There have been times when my writing has surprised me, as if I were a channel for something that simply needed to come through me, but not responsible for the words themselves. As if the words came from a place other than my mind. My soul? It’s not a religious thing and I am by no means any kind of sage. I think it is what writers – or artists of any kind – refer to as being in the flow. For me, it is creating while connecting to something bigger – or connecting to something bigger by writing. At times writing at Growing Inside, I felt this so deeply. I would sit down to write at the kitchen table or, after we moved, at my desk in the sunroom, and it would just come out, and out, and out. And then I would read what had just come through me and say, Yes. It was cathartic and healing, and I learned later that it was sometimes healing, or nurturing, or validating for those who read my words, too. To me, that was the greatest gift my writing gave me – knowing that it could help others in some small way to know they are not alone. I thought of the books I’ve read, the ones that have touched me most deeply – the way they have spoken to me, the way they made me feel understood.

Isn’t the purpose of bravely sharing our truest selves to be able to resonate with each other?

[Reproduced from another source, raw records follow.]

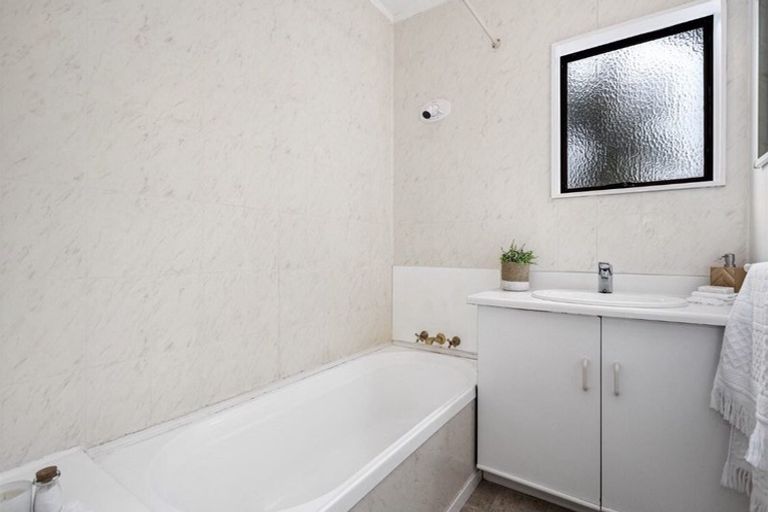 Photo of property in 80b Percy Road, Papamoa Beach, Papamoa, 3118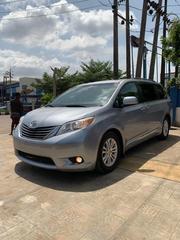 Toyota Sienna 2013 Gray for sale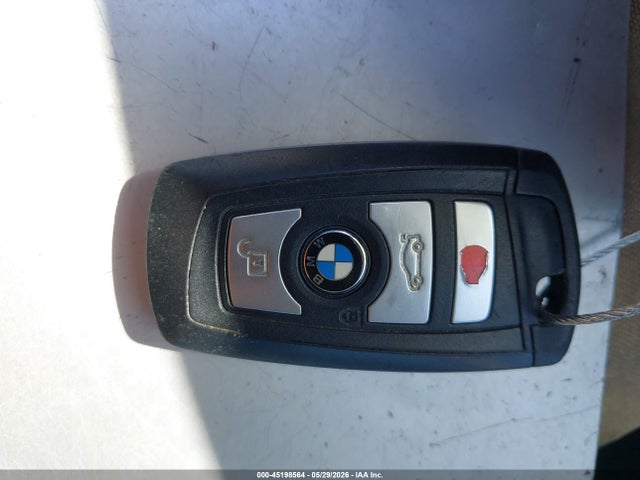 Продаж на аукціоні авто 2015 Bmw 528i, vin: WBA5A5C53FD516844, номер лоту: 45198564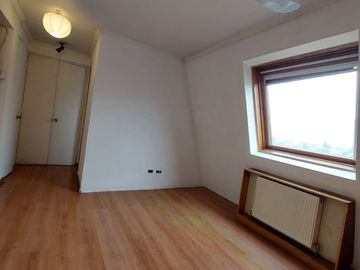 ARRIENDO AMPLIO 1 D 2 BAÑOS ESTACIONAMIENTO PROVIDENCIA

My whole life I’ve written to make sense of my world and myself. I’ve shared my stories because I suspect – I hope – they are in some way universal stories. We are all on our hero’s journey, with its losses and triumphs, its lessons and its incredible potential for growth and for love. As I’ve gotten older, I’ve become braver about sharing my thoughts, my beliefs, my personal philosophy as it becomes concrete. I’ve been bolder about being authentic, and as a result I’ve discovered that it is the only way I truly want to be in the world. It is the only way I can be and now, at 44, it hurts to be anything else.

So I started writing here, in this new space, just 8 months ago. I thought of the words that make my heart sing and the energy I want to put out into the world and Love, Beauty & Abundance became its name. I thought of how much of myself I want to share, and confronted the fears that came up about being too public in an online universe that can be crazy and unforgiving. I think each time I write about the people closest to me and their privacy, their own personal stories that are theirs, wanting to respect them while respecting my need to share my own experience. I think of how I can honor them with my words. That’s not always easy to navigate – I think for any writer – but I can tell you that my intentions are good.

I don’t lie in this space. I’m not here to pretend I am something I’m not. I try to be humble and I let myself be confident – because I think we (especially women) are quicker to play down our strengths than to share and celebrate them. I am not a competitive person – I believe in abundance, that there is room for all of us to share our gifts, to share our stories. I am inspired by so many people around me – those I know and others I know only by name, or by their words. What inspires me is connection.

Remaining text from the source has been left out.